The Exchange proposes to list and trade the Shares under NYSE Arca Equities Rule 8.600, which governs the listing and trading of Managed Fund Shares on the Exchange. The Fund is a series of the IndexIQ Active ETF Trust (the “Trust”). The Fund is an actively-managed exchange-traded fund (“ETF”) and does not seek to replicate the performance of a specified index.
IndexIQ Advisors LLC (the “Adviser”) is the investment adviser for the Fund. The Exchange states that the Adviser is a not a registered broker-dealer and is not affiliated with a broker-dealer. The Exchange represents that in the event (a) any of the Adviser, Wilshire or the Underlying Managers is or becomes a broker-dealer or newly affiliated with a broker-dealer, or (b) any new adviser or sub-adviser is a registered broker-dealer or becomes affiliated with a broker-dealer, then, to the extent the broker-dealer or affiliated broker-dealer is not a limited purpose broker-dealer used for marketing and not trading purposes, it will implement a firewall with respect to its relevant personnel or its broker-dealer affiliate regarding access to information concerning the composition and/or changes to a portfolio, and will be subject to procedures designed to prevent the use and dissemination of material non-public information regarding such portfolio.
The Bank of New York Mellon (“Administrator”) is the administrator, custodian, transfer agent and securities lending agent for the Fund. ALPS Start Printed Page 4328Distributors Inc. is the distributor for the Fund.
The Exchange has made the following representations and statements in describing the Fund and its strategy and characteristics, investments, and investment restrictions.

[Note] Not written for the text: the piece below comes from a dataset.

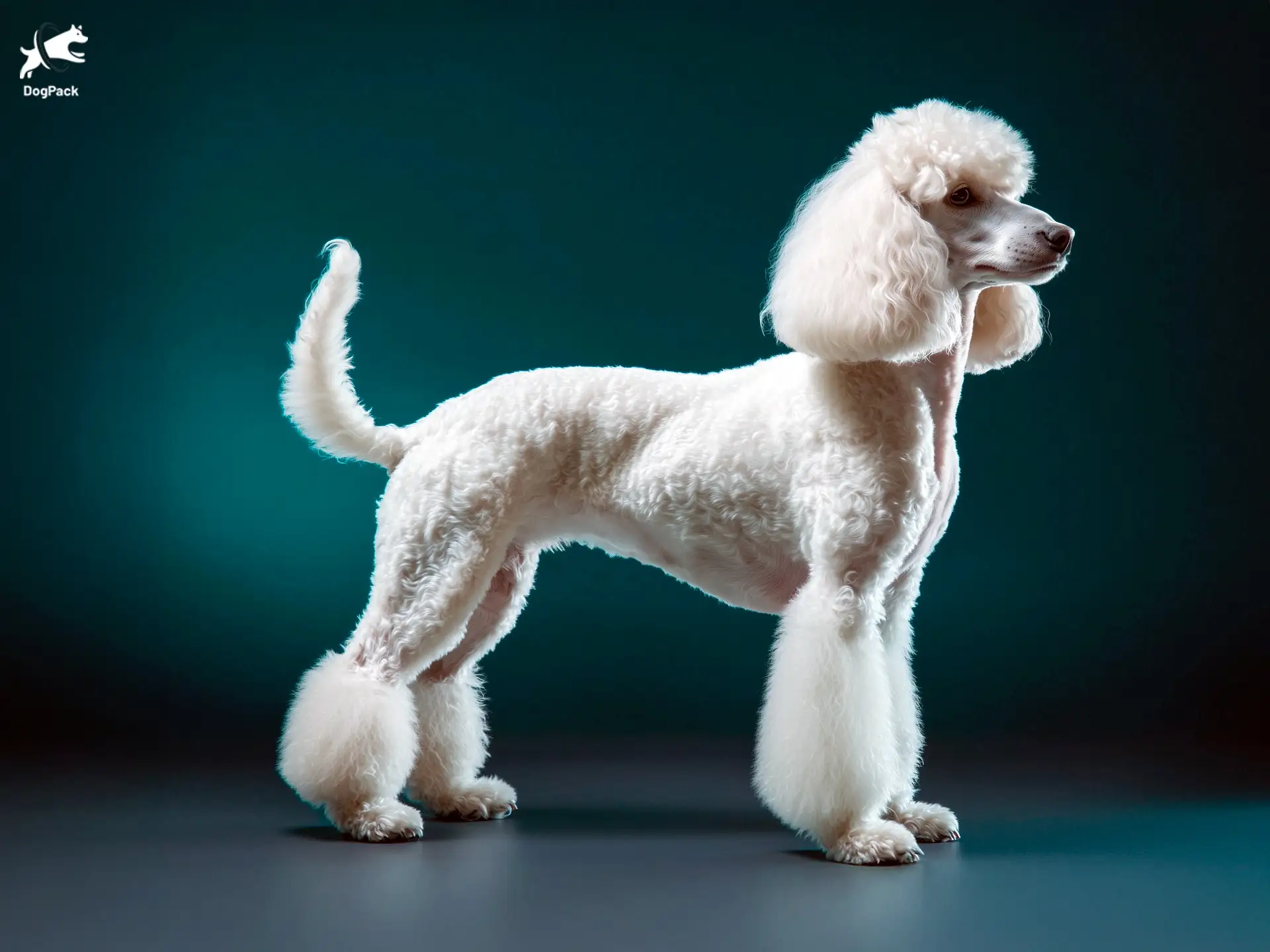 Full-body side profile of a French Poodle with a classic groomed coat, standing on a teal backdrop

Fund Strategies and Characteristics
According to the Exchange, the Fund will seek long-term capital appreciation. Under normal circumstances, 100% of the Fund's assets will be allocated among the Underlying Managers that will employ a variety of alternative investment strategies. The Exchange states that in making these allocations, the Advisor will seek to combine the strategies of the Underlying Managers efficiently and systematically so that the Fund will generate a positive total return with relatively low volatility and low sensitivity or correlation to market indices.

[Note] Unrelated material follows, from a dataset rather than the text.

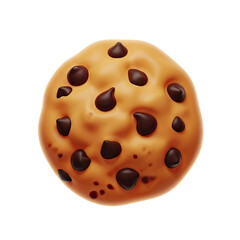 Fototapeta premium Deliciously Baked Chocolate Chip Cookie with a Warm Golden Glow and a Softly Blurred Brown Gradient Background Ideal for Dessert Advertisements and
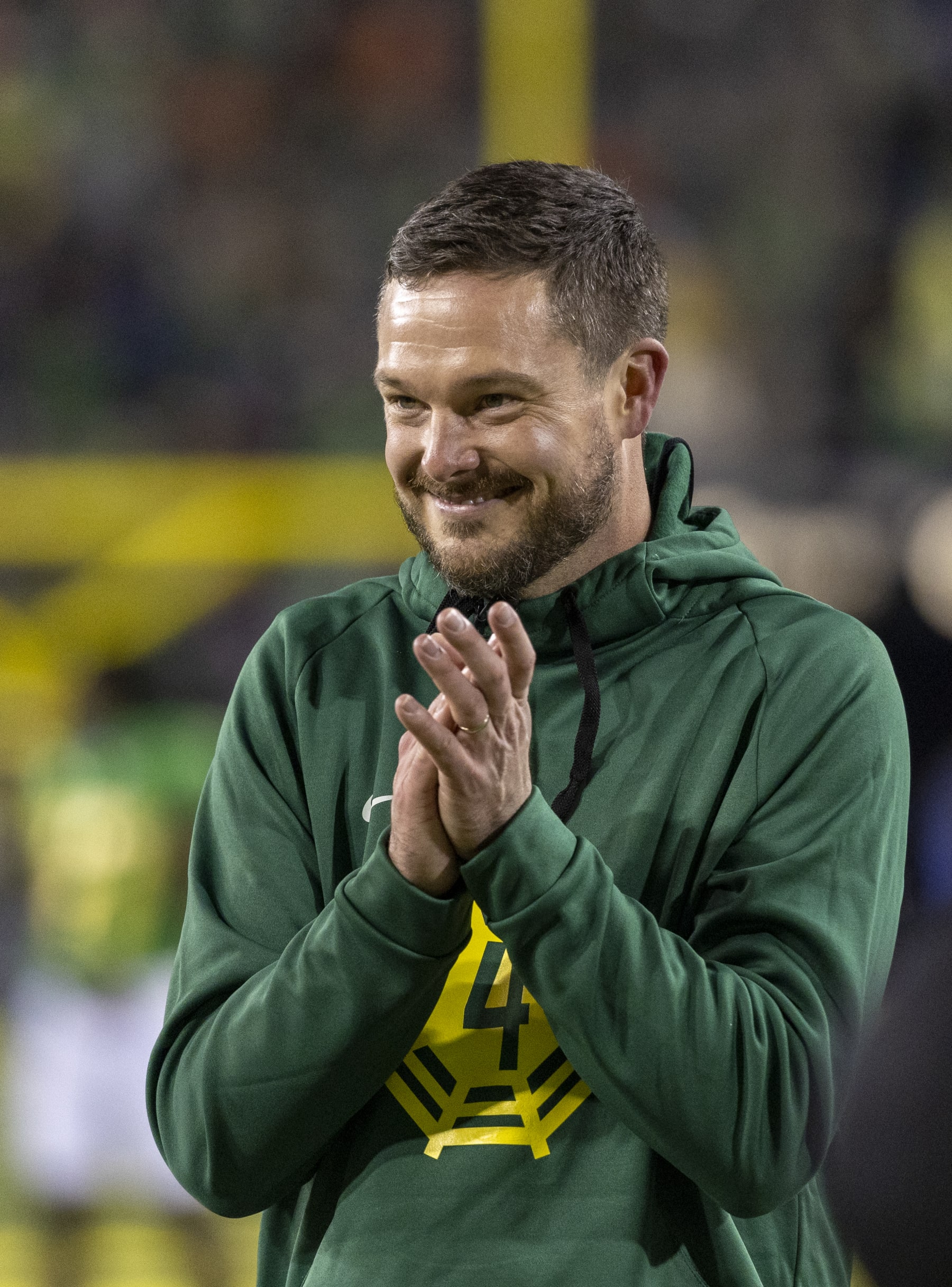 EUGENE, OREGON - NOVEMBER 24: Head coach Dan Lanning of the Oregon Ducks stands on the field before their game against the Oregon State Beavers at Autzen Stadium on November 24, 2023 in Eugene, Oregon. (Photo by Tom Hauck/Getty Images)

The Exchange states that the Fund and each of its Underlying Managers may use all or some of the following strategies in managing the assets of the Fund: equity hedge (long/short) strategies, relative value strategies, global macro strategies, event driven strategies, opportunistic credit strategies, tactical trading strategies, and liquid alternative beta strategies. The Fund and each of its Underlying Managers may also add additional strategies in the future. According to the Exchange, the Advisor may allocate 0 to 100 percent of the Fund's assets to any of these strategies or any of the Underlying Managers at any time.
Investments of the Fund
The Exchange states that in implementing the strategies discussed above, the Fund will invest in a portfolio consisting of some or all of the following instruments:
- Exchange-traded equity securities, which will consist of common stocks, preferred stocks, convertible securities, rights and warrants, depositary receipts, ETFs, non-ETF exchange-traded vehicles (“ETVs”), and partnership interests, including master limited partnerships;
- Fixed income securities, which will consist of debt issued by corporations, debt issued by governments, their agencies, instrumentalities, sponsored entities, and political subdivisions, covered bonds, debt participations, convertible bonds, non-investment grade securities, senior bank loans, exchange-traded notes, mortgage-backed and other asset-backed securities, and to-be-announced securities;
- The following derivative instruments: futures contracts (consisting of futures contracts based on equity or fixed income securities and/or equity or fixed income indices, commodities, interest rates and currencies), swap agreements on any of the following asset classes: equity, fixed income, currency and interest rates (such swaps may be based on the price return or total return of the referenced asset), credit default swaps (consisting of credit default swaps in which the referenced asset is a single fixed income security or a group of fixed income securities), options (consisting of long and short positions in call options and put options on indices based on equities, fixed income securities, interest rates, currencies or commodities, individual securities or currencies, swaptions and options on futures contracts), forward contracts (consisting of forward contracts based on equity or fixed income securities and/or equity or fixed income indices, currencies, interest rates, swap forwards and non-deliverable forwards), and structured securities (such derivative instruments, collectively “Financial Instruments”).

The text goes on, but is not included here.